Not sure what 'online presence' means, but once you brand your self as
something just run with it and introduce your self as Noah of MrNoahC fame if
you want people to know your first name before a speech or something. I would
suggest staying away from names like floppyRabbitLover and HairyLemonBalls for
branding purposes, but depending on your purposes it might work.

------
TeHCrAzY
It's an aside, but I hope they were paying you a huge amount of money to
restrict your activities so severely, for such a long time.

------
AngryParsley
_I am not allowed to have any online presence using my real name for the next
five years (I was working in digital intelligence, it's complicated)._

This confuses and intrigues me. What does an "online presence" mean? Can you
have a personal website? A Facebook account? An e-mail address? Did you accept
these terms when you started or were you given the restriction when leaving?
Are the consequences of breaking the contract civil or criminal? If you
legally change your name, can you use that new name online before the 5 years
are up?

It doesn't make any sense. How do they expect to recruit talented people with
such a restriction? The mind boggles.

------
staunch
Ask a lawyer (if you haven't). Perhaps these restrictions aren't actually
binding/enforceable.

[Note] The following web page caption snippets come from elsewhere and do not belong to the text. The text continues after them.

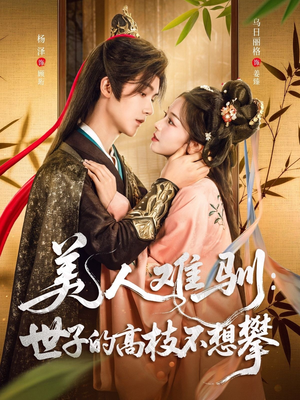 短剧《美人难驯世子的高枝不想攀》81集短剧1080P高清在线尽情看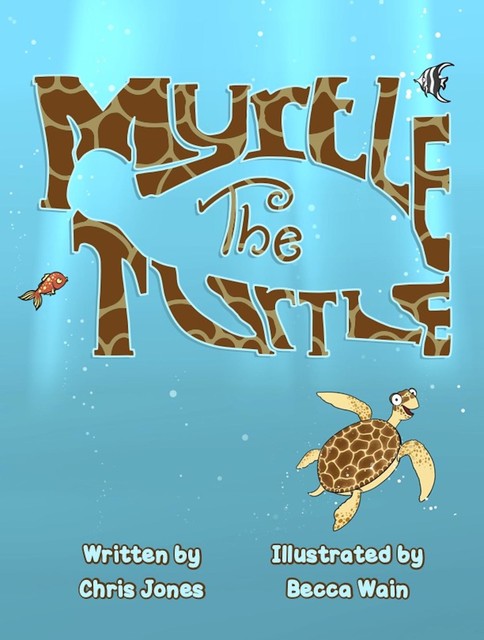 Myrtle The Turtle, Chris Jones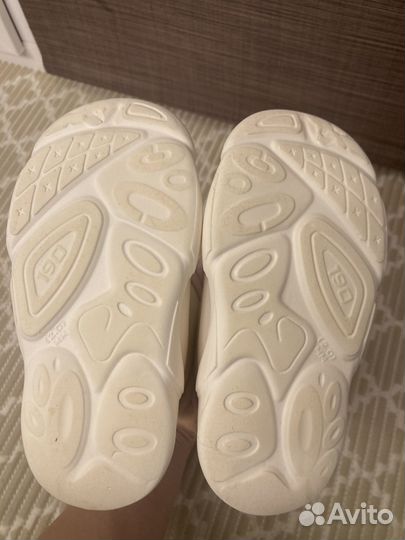 Резиновые сапоги детские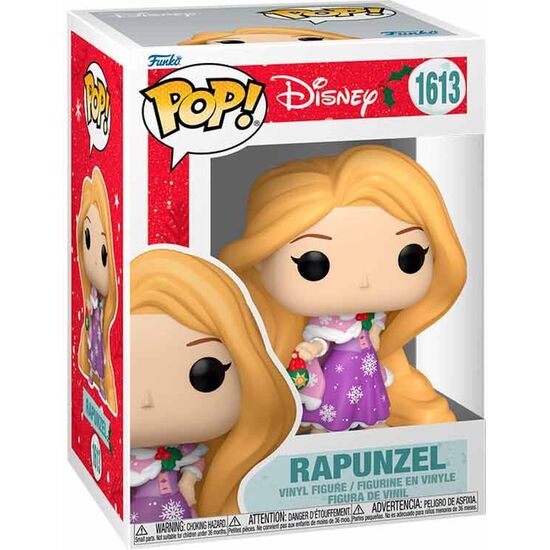 FIGURA POP DISNEY ENREDADOS RAPUNZEL image 0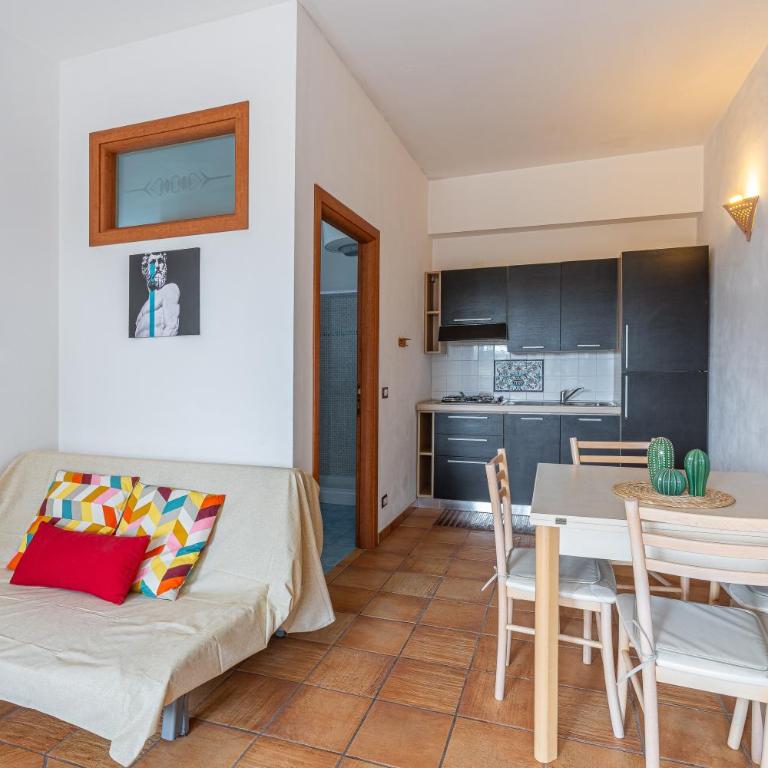 Pathos Retreat Pool and Garden - One-Bedroom Apartment with Garden View - 6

Definitely worth double checking.

------
newyorker
I have a friend who had the same name as his boss, so he would have to use an
alias whenever he spoke with customers, so customers wouldn't get mixed up
with who they are talking to.

Its probably easier than you think to get used to an alias, but I don't know
how it would work in terms of the legal name to use on your corp. papers.

------
Semiapies
Would incorporating - or alternately getting a DBA - satisfy those terms?

<http://en.wikipedia.org/wiki/Doing_business_as>

------
pasbesoin
I've heard there are issues with regard to copyright (I seem to recall advice
to register a pen name with the U.S. Copyright Office,with respect to the more
traditional "ink on bound paper" environment), but I don't know the details.

Would any of our more legal minded folks have a comment on this?